• _Work to complete_
Repeat the entries below word for word, though any picture in them should be dropped.

• _Dataset extract_
=== Section Start ===

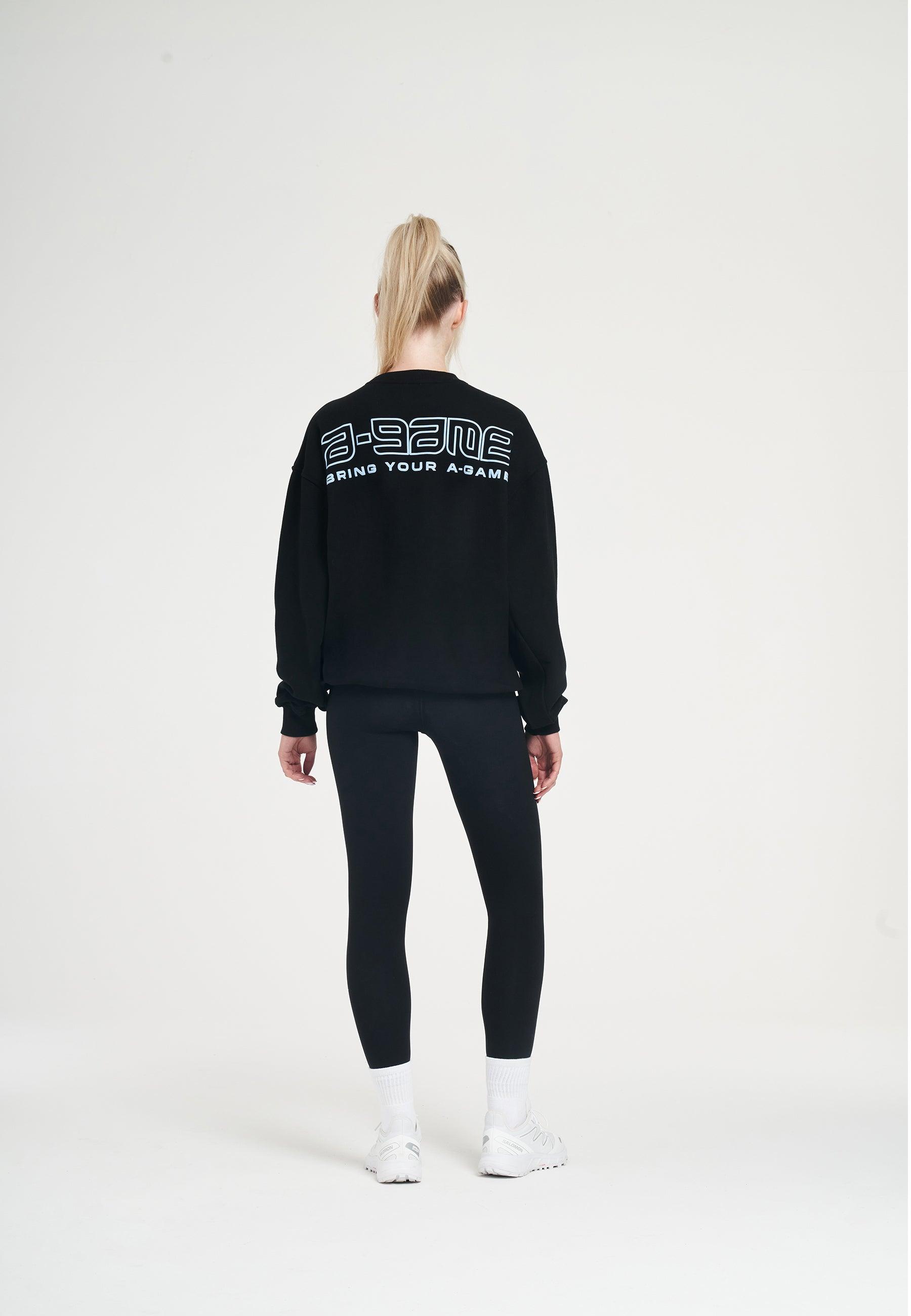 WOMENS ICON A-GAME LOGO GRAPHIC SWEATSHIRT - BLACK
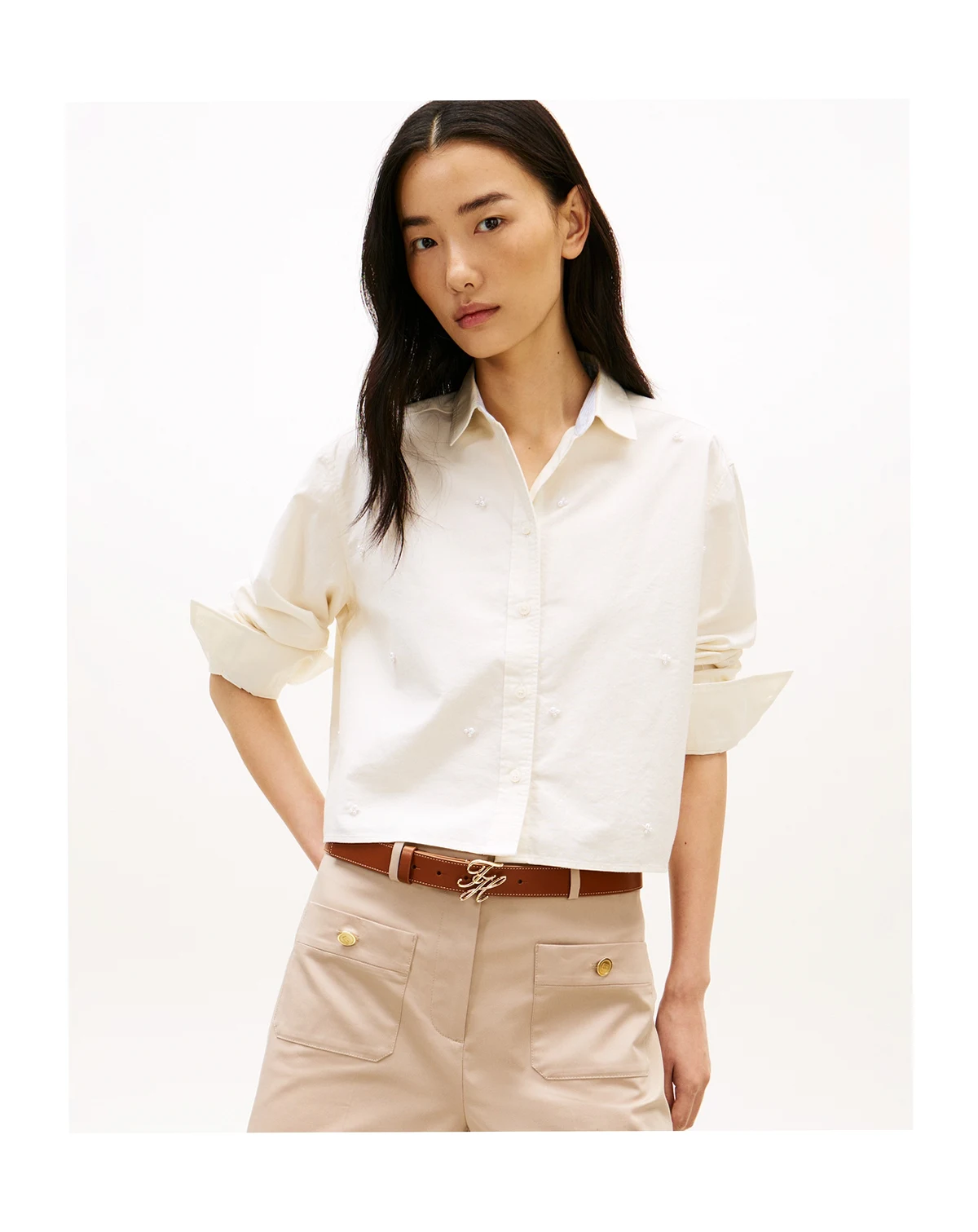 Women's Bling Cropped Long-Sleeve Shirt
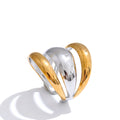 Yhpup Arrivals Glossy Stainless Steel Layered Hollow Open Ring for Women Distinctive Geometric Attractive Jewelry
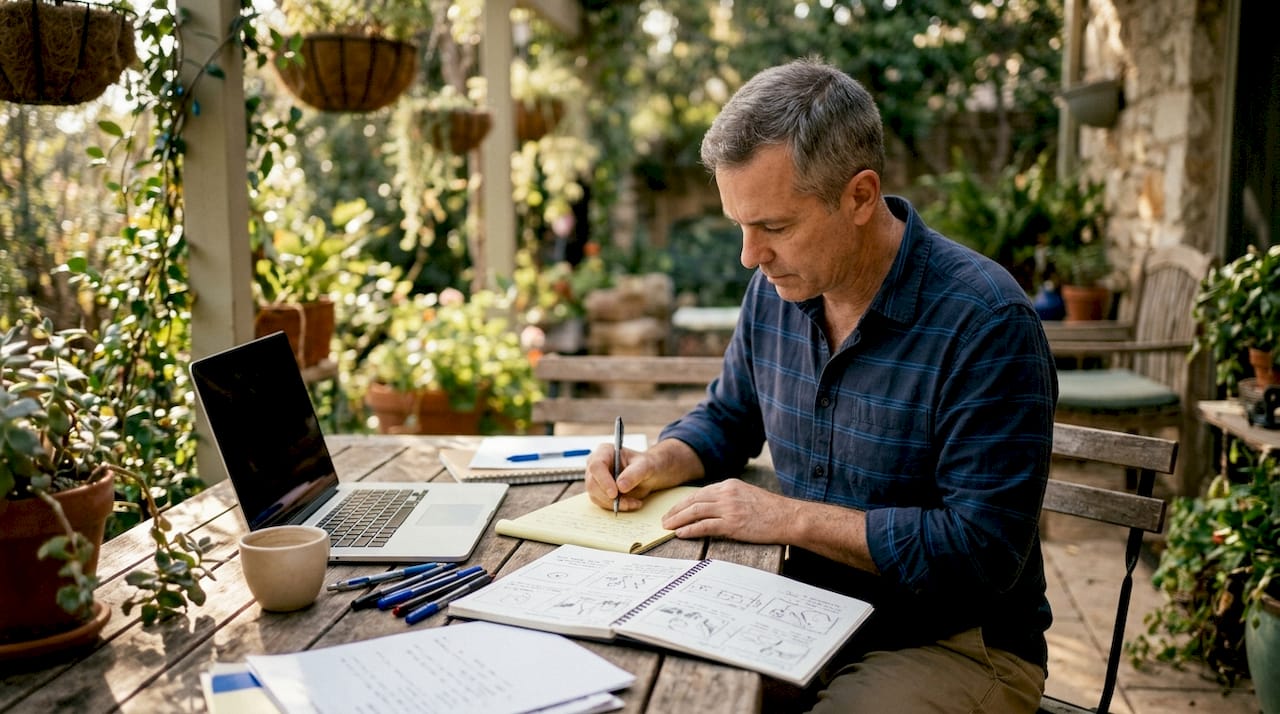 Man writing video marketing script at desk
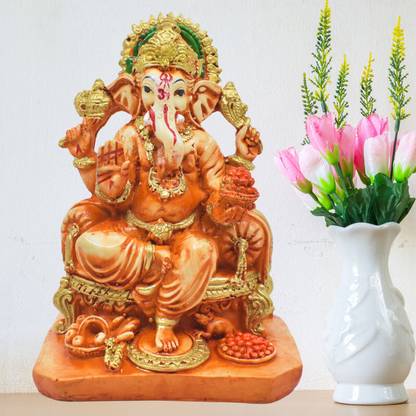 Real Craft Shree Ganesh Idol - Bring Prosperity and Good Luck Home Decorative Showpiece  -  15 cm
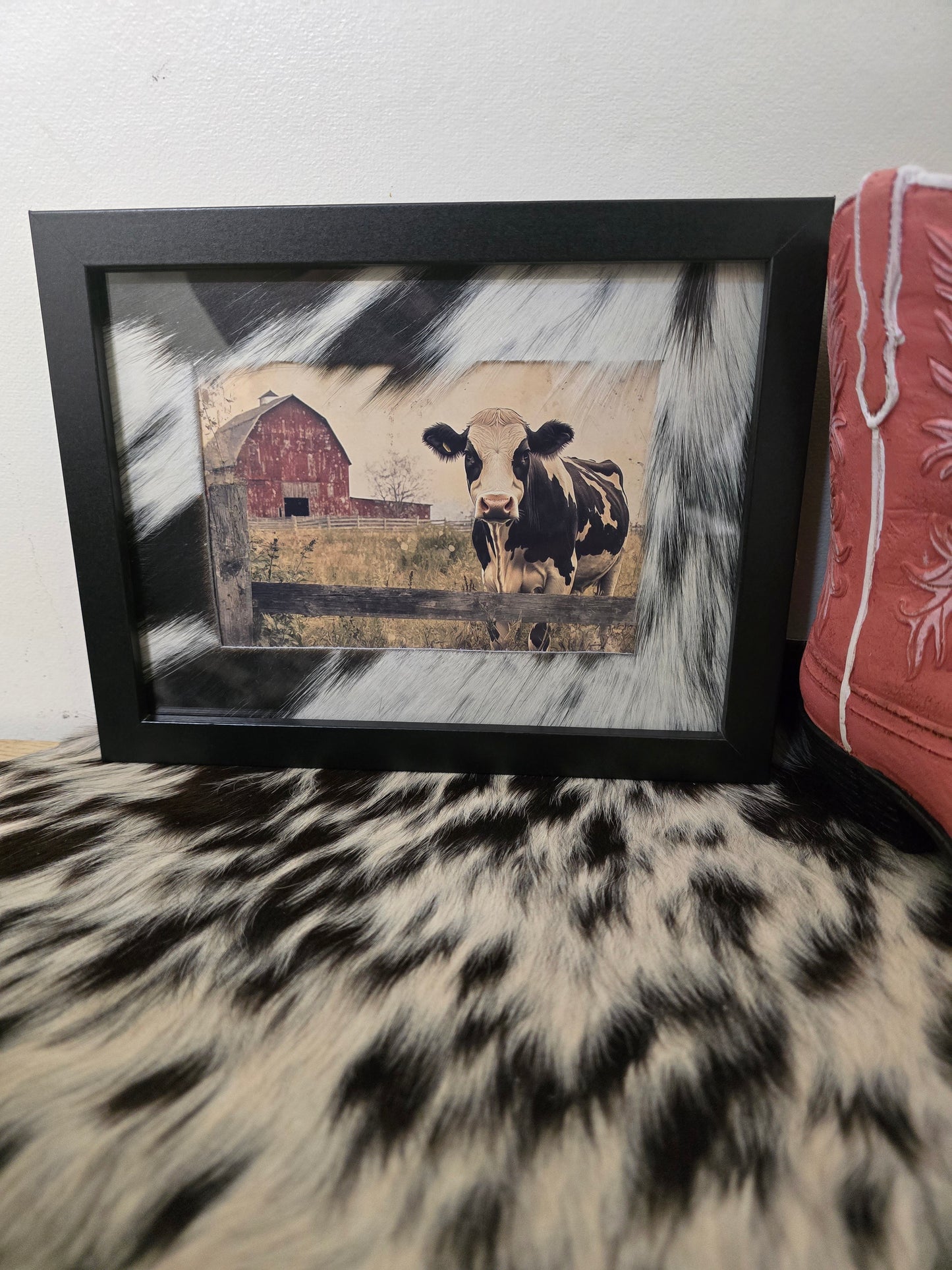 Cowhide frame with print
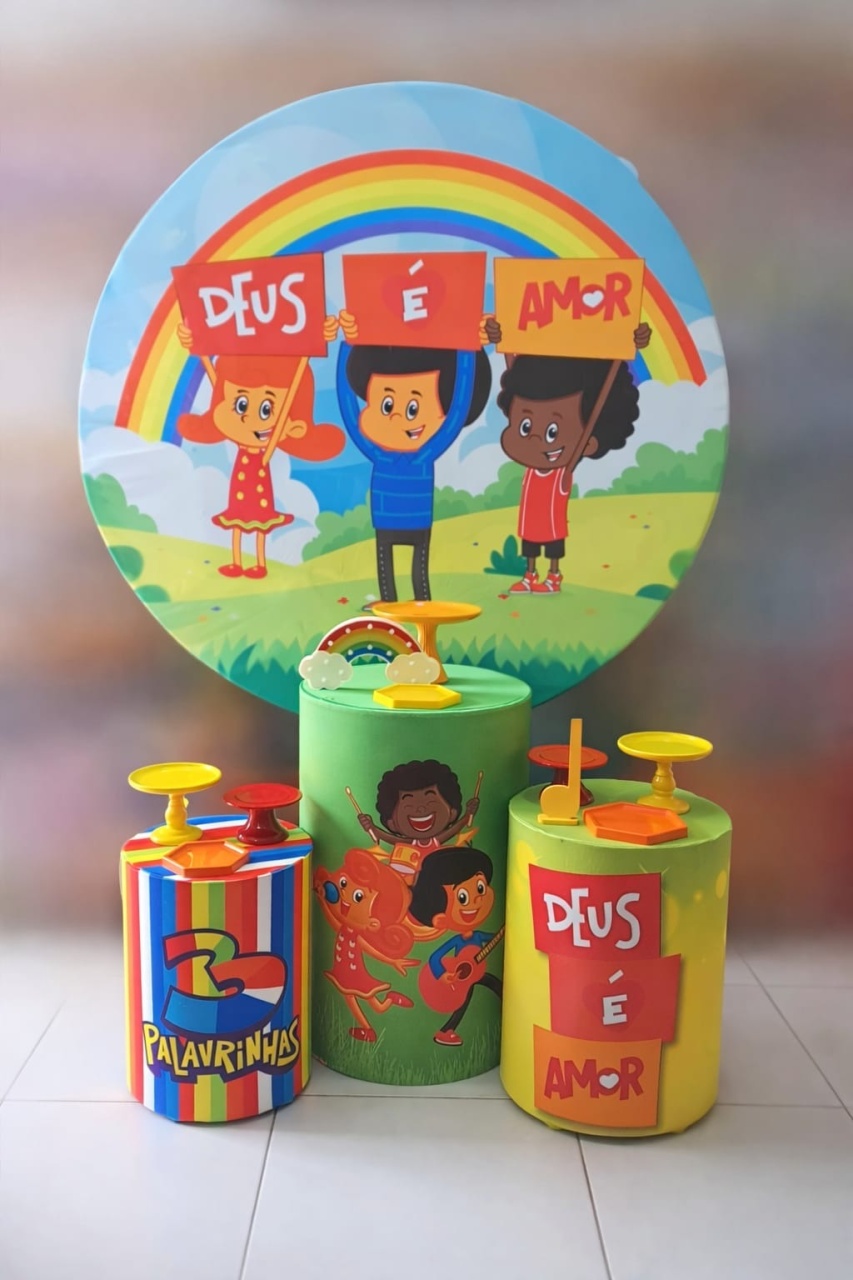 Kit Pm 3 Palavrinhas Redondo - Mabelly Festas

=== Section End ===

• _Completed exercise_
 WOMENS ICON A-GAME LOGO GRAPHIC SWEATSHIRT - BLACK
 Women's Bling Cropped Long-Sleeve Shirt
 Yhpup Arrivals Glossy Stainless Steel Layered Hollow Open Ring for Women Distinctive Geometric Attractive Jewelry
 Man writing video marketing script at desk
 Real Craft Shree Ganesh Idol - Bring Prosperity and Good Luck Home Decorative Showpiece  -  15 cm
 Cowhide frame with print
 Kit Pm 3 Palavrinhas Redondo - Mabelly Festas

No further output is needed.